| WHAT NEEDS TO BE DONE |
In the material below, the lines between the one holding "12.04.2026 - 45." and the one holding "423 W 55th Place, Merrillville, IN", inclusive, are to be set down word for word. Pictures stay out.
[[ MATERIAL SHOWN, beginning ]]
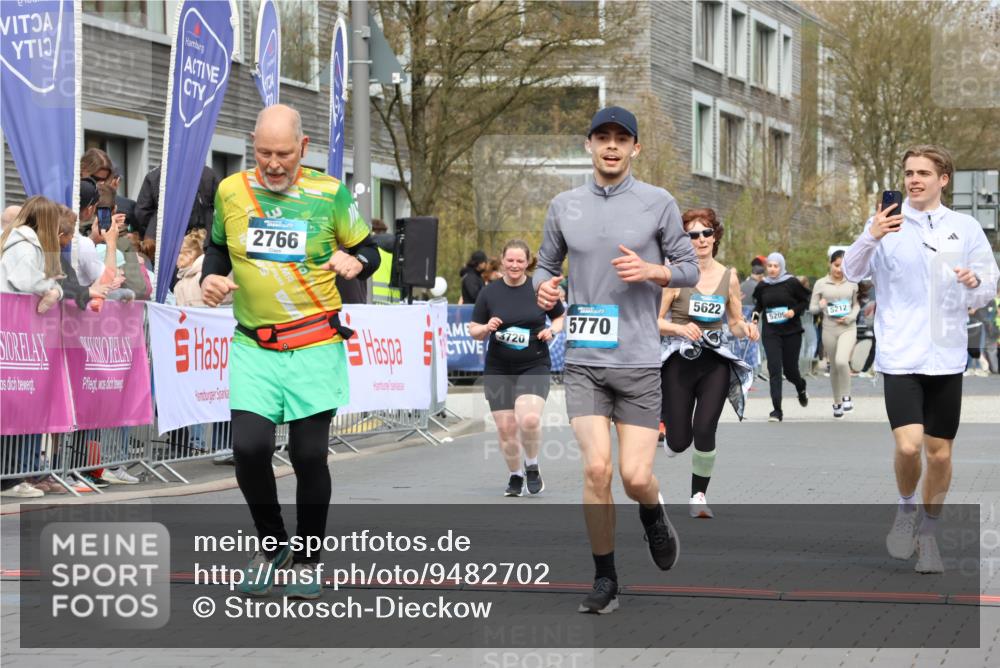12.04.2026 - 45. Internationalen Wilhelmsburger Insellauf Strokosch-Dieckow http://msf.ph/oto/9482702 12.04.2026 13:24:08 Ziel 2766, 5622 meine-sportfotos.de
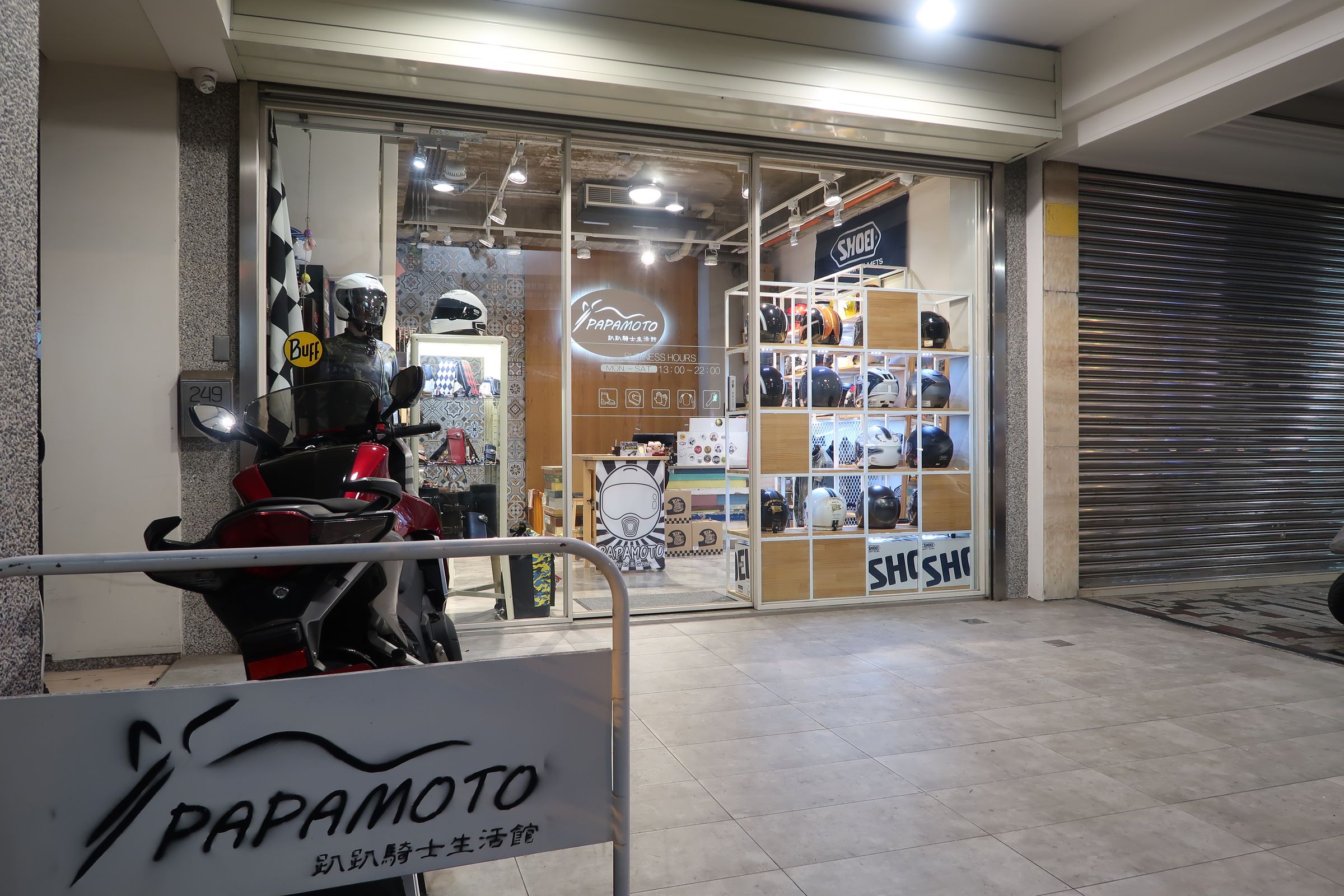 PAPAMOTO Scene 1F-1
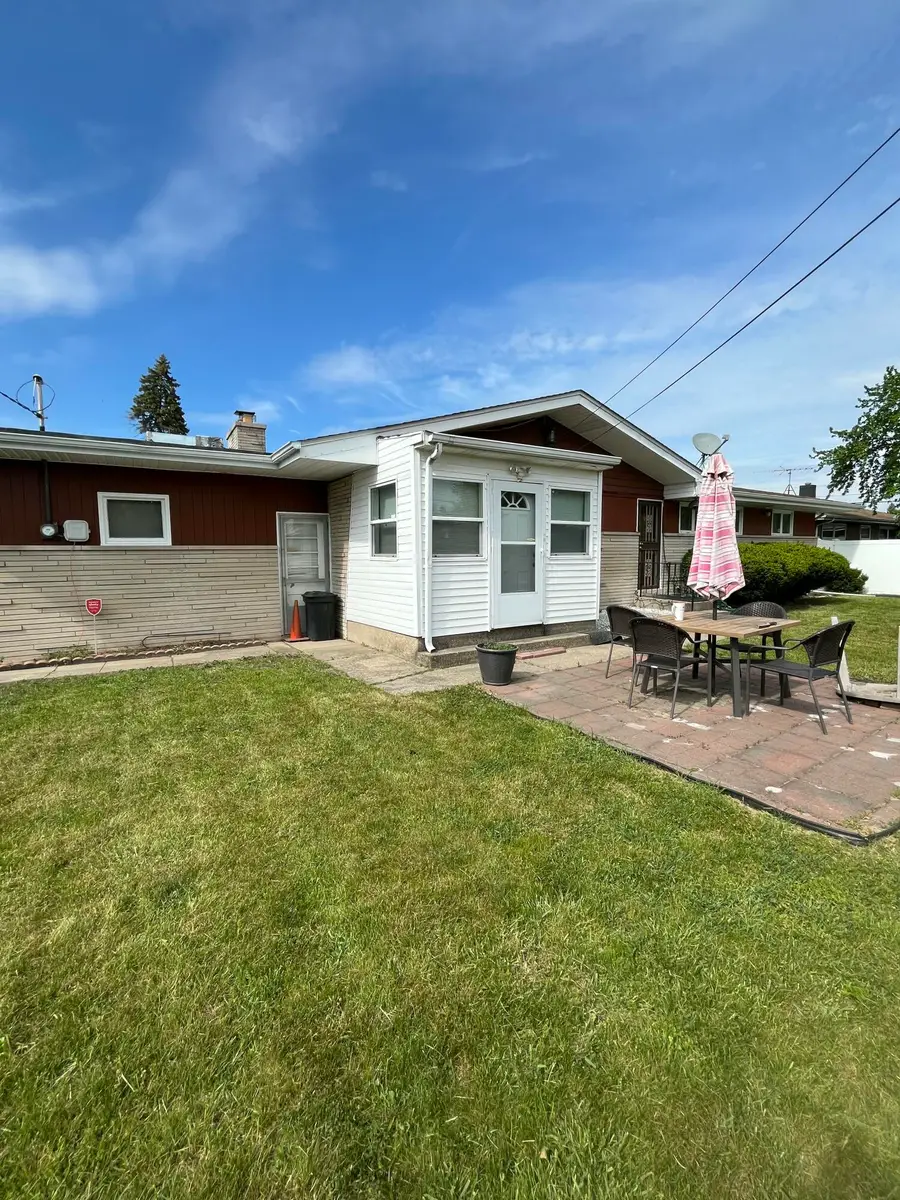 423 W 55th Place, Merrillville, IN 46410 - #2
[[ MATERIAL SHOWN, end ]]
[[ MATERIAL SHOWN, beginning ]]
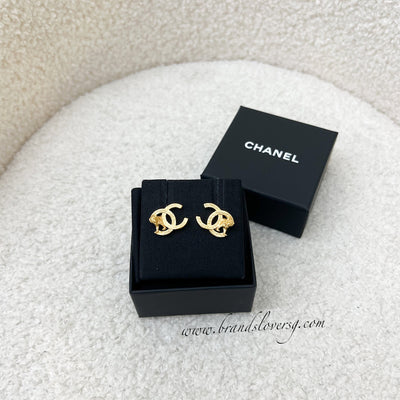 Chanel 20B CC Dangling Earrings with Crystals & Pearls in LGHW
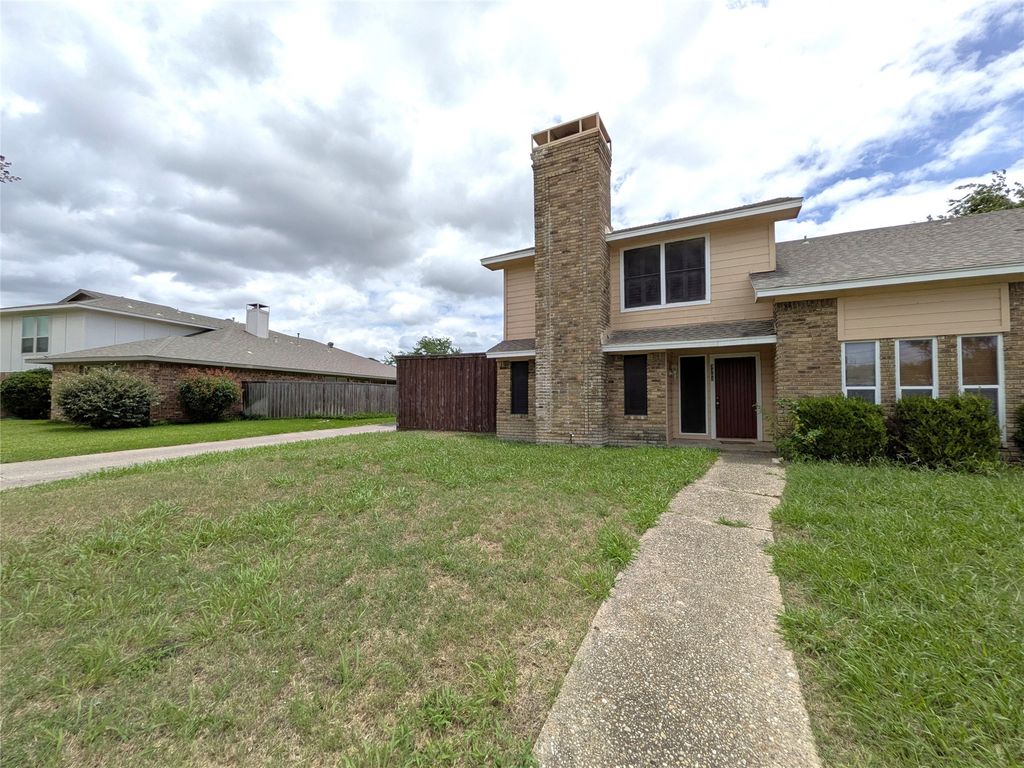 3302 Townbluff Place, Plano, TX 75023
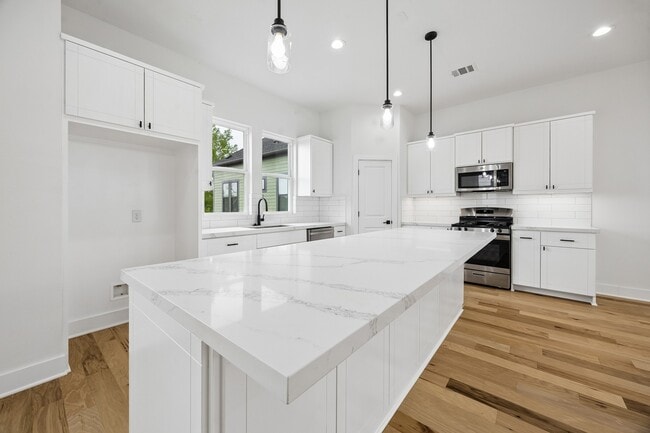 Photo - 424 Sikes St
[[ MATERIAL SHOWN, end ]]
[[ MATERIAL SHOWN, beginning ]]
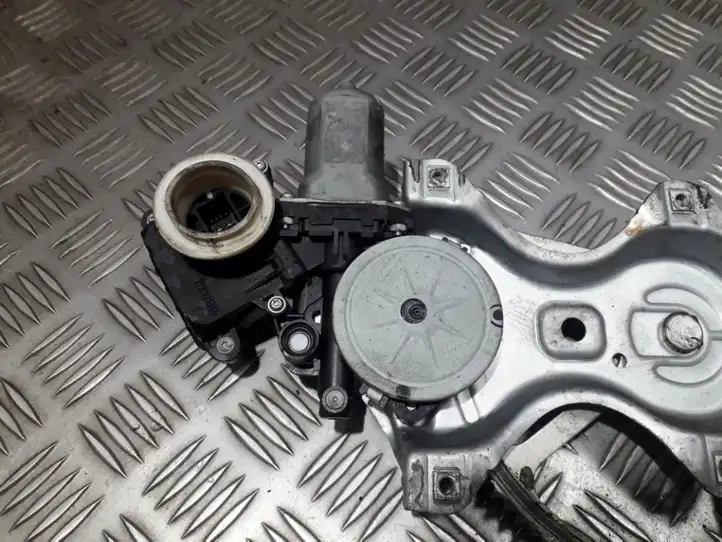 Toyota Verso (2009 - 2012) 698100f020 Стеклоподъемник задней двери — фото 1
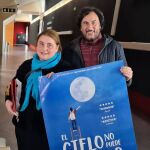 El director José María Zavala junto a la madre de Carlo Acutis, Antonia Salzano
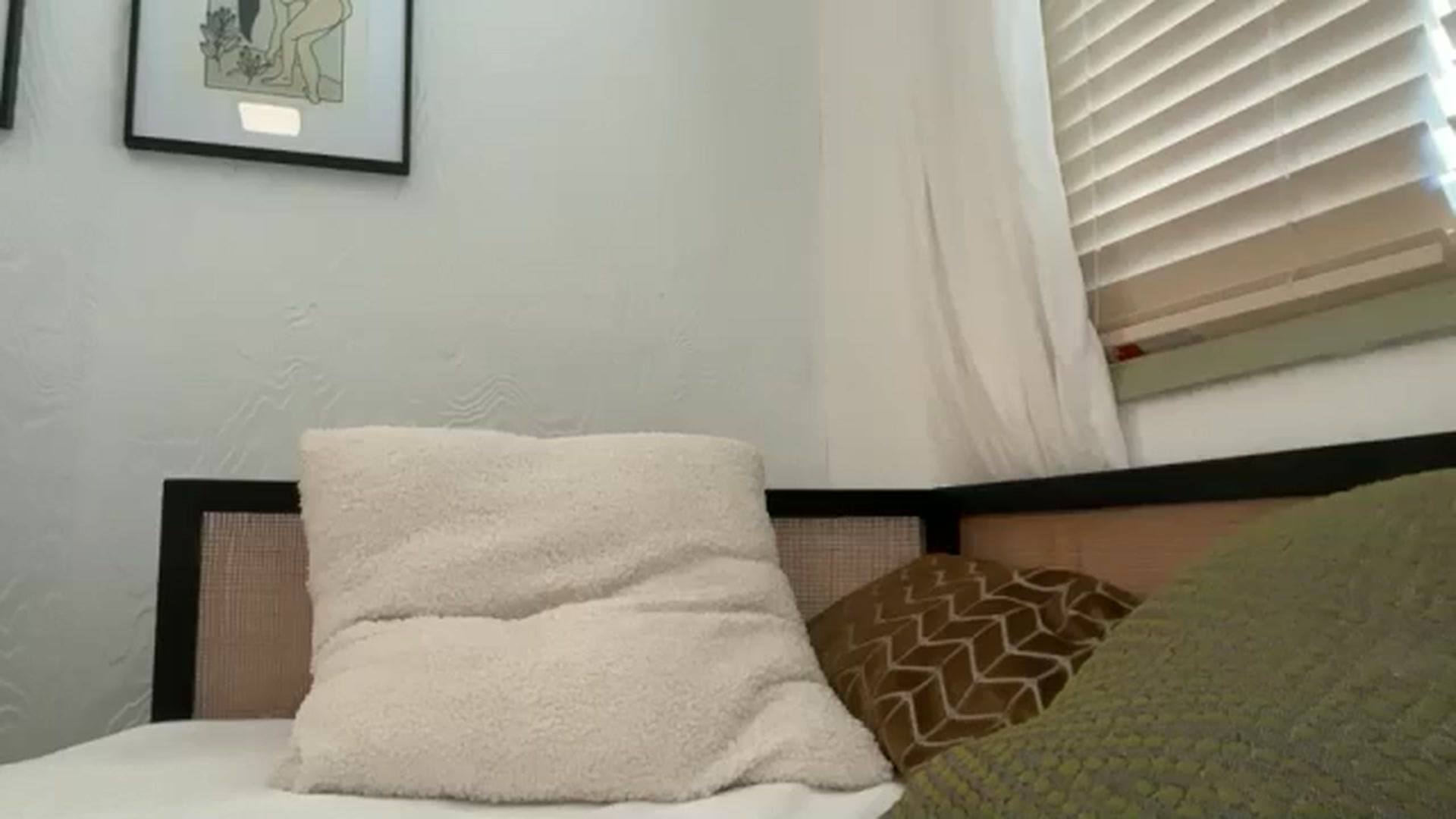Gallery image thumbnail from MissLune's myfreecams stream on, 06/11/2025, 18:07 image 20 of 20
[[ MATERIAL SHOWN, end ]]
| RESULT FOR THIS TASK |
12.04.2026 - 45. Internationalen Wilhelmsburger Insellauf Strokosch-Dieckow http://msf.ph/oto/9482702 12.04.2026 13:24:08 Ziel 2766, 5622 meine-sportfotos.de
 PAPAMOTO Scene 1F-1
 423 W 55th Place, Merrillville, IN 46410 - #2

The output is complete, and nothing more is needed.